Budget Reconciliation: Using the Current Law vs. Current Policy Baseline

April 16, 2025

As both chambers of Congress worked to pass their versions of the budget resolution, tax writers on the House Ways and Means Committee and Senate Finance Committee, along with their respective leadership, had to decide whether to use the current law baseline or current policy baseline when calculating the cost of changes to the tax code. The method they chose could cost taxpayers over $4 trillion — or nothing at all.

The current law baseline reflects the budgetary forecasting assumption that the Tax Cuts and Jobs Act (TCJA) will expire within the next 10 years, as it does under current law. These projections mean the government will collect more money through higher tax rates and the expiration of other tax provisions and incentives. Any changes to tax law Congress considers, like extending TCJA, will be measured against those higher collections. The Penn Wharton Budget Model, a nonpartisan forecasting tool frequently consulted by Congress, has estimated that permanently extending TCJA will cost over $4 trillion in the first 10 years, when measured using the current law baseline. Because the Senate’s Byrd Rule prohibits any impact on the national debt outside of the 10 year budget window, any extensions of TCJA, or preempting Social Security, tips and overtime from taxes, could not become permanent tax law. The current law baseline was used in the budget resolution passed by the House.

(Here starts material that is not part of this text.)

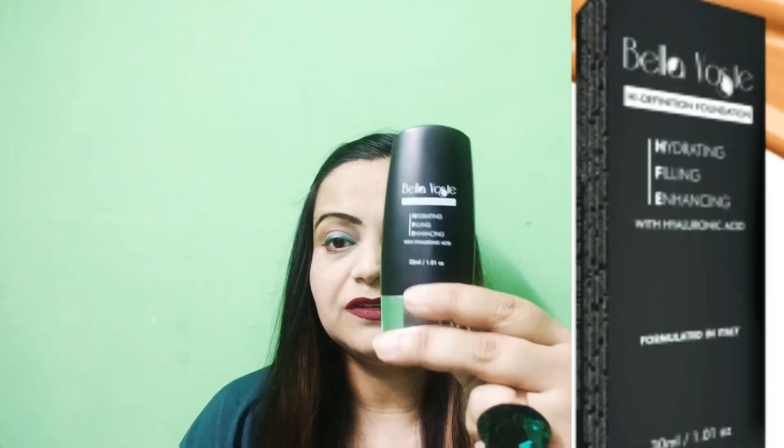Hello everyone, welcome back to my channel. Today I will share a foundation that is very affordable. This is Bella Watsay foundation. Bella Watsay is a good brand — it is affordable and its products are available in Nykaa and Purple. This product is very good. It is 30ml and 449 rupees.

The current policy baseline, on the other hand, assumes the continuation of current, existing policy, even if it is set to expire. In this case, this baseline assumes the TCJA will continue, so it is not necessary to account for the costs to extend it or for the effect in the years outside of the 10 year window. For these reasons, while the cost of the current law baseline is -$4 trillion, the cost of the current policy baseline is essentially zero. Consequently, using the current policy baseline would allow permanent tax changes without violating the Byrd Rule.

The current policy baseline has never been used before and was included in the Senate’s version of the budget resolution. The Senate parliamentarian ruled that the decision of whether to use the current policy baseline is up to the committee of jurisdiction, which in this case is the Senate Budget Committee.

In the end, the budget resolution passed by both chambers used the current policy baseline. As Congress moves into the second step of the reconciliation process, in which they will need to specifically outline the ways they will raise revenue and cut outlays, leaders in both chambers will need to overcome objections from deficit hawks about the economic assumptions when using the current policy baseline. As members of Congress consider changes to tax law in reconciliation, there will be significant interest in raising revenue to mitigate some of these impacts on the debt and deficit. Members of the Ways and Means and Senate Finance Committees may strike tax incentives, like those for producing renewable energies, or increase the rate or base of existing taxes, like the endowment tax, to raise additional revenue.